→ TASK
Nothing but the lines from the one containing "Something Unlimited shows" to the end of the data should be copied, exactly, and the pictures stay out.

Source data
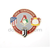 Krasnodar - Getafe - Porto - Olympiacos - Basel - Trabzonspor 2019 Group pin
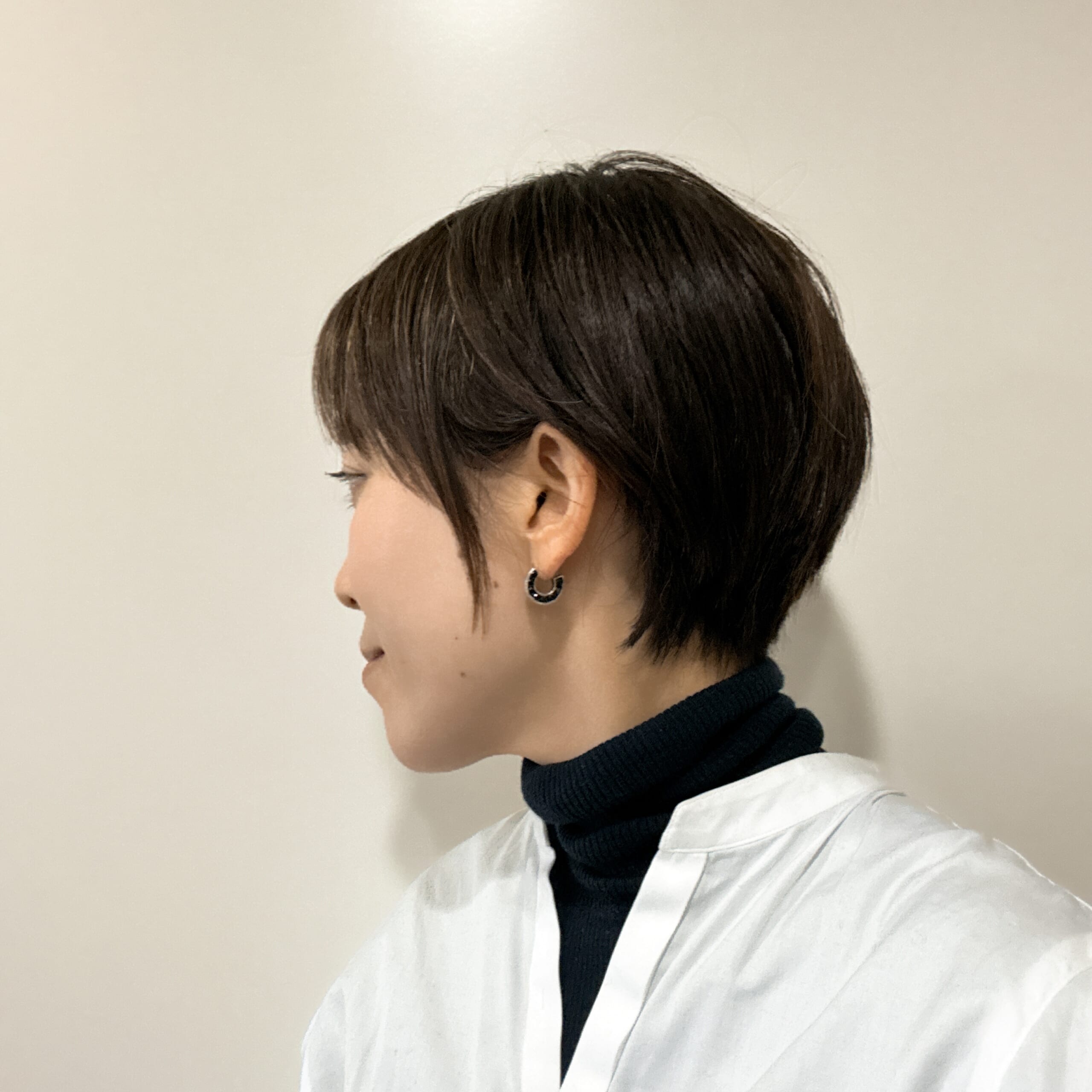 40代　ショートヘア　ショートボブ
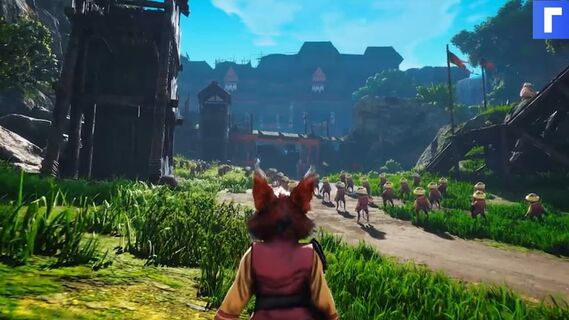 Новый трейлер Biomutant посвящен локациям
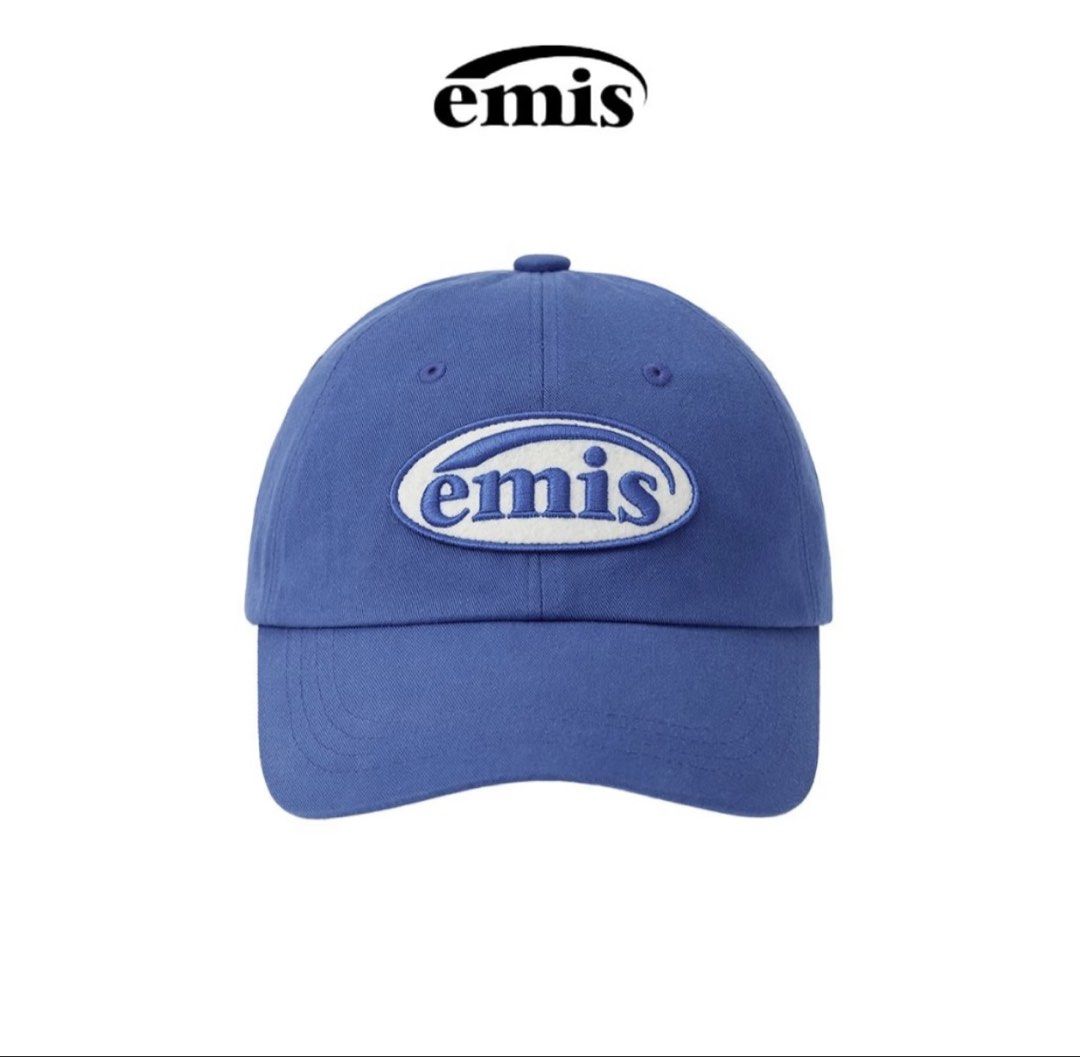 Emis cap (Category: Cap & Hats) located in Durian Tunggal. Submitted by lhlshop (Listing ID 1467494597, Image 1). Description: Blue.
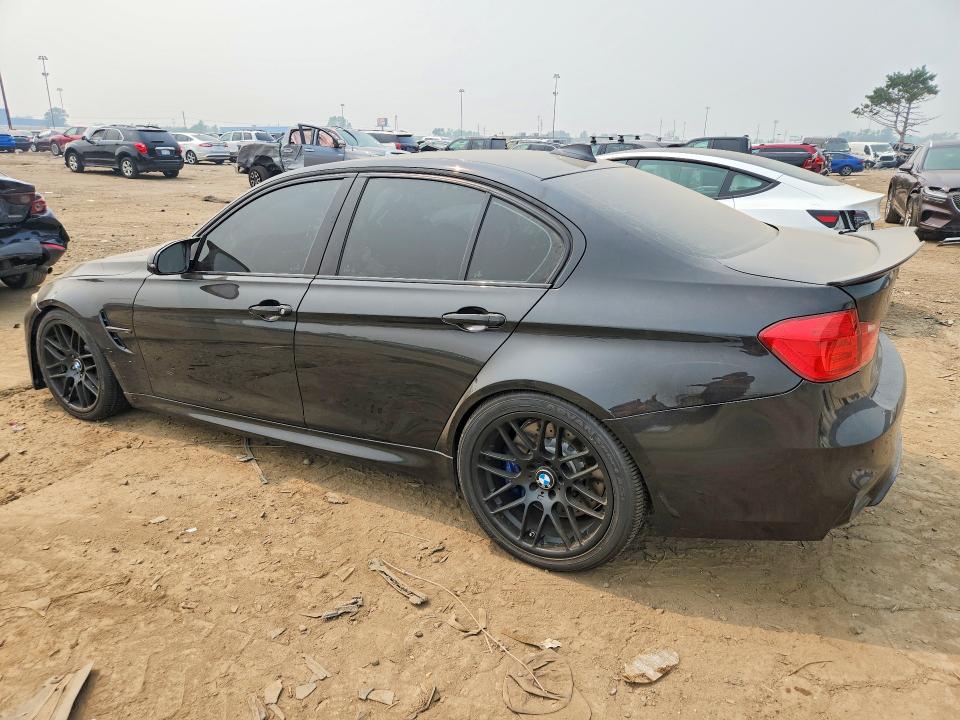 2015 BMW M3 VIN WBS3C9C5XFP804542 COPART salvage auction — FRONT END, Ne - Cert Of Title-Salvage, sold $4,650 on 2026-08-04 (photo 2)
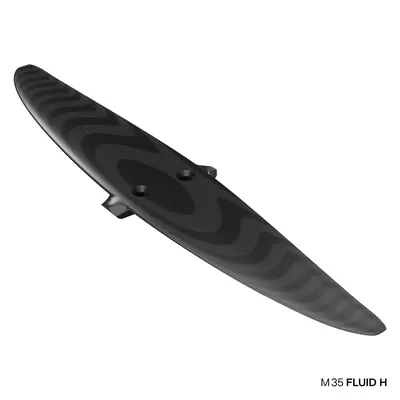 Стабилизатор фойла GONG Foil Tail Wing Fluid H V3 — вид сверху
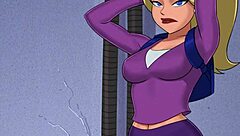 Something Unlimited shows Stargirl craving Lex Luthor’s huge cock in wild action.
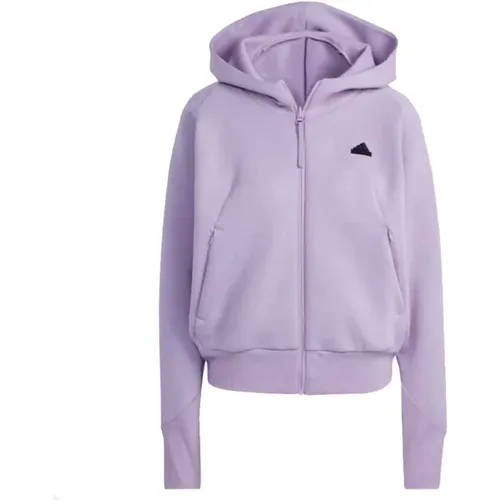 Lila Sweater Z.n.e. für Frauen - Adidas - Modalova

→ SOLUTION
 Something Unlimited shows Stargirl craving Lex Luthor’s huge cock in wild action.
 Lila Sweater Z.n.e. für Frauen - Adidas - Modalova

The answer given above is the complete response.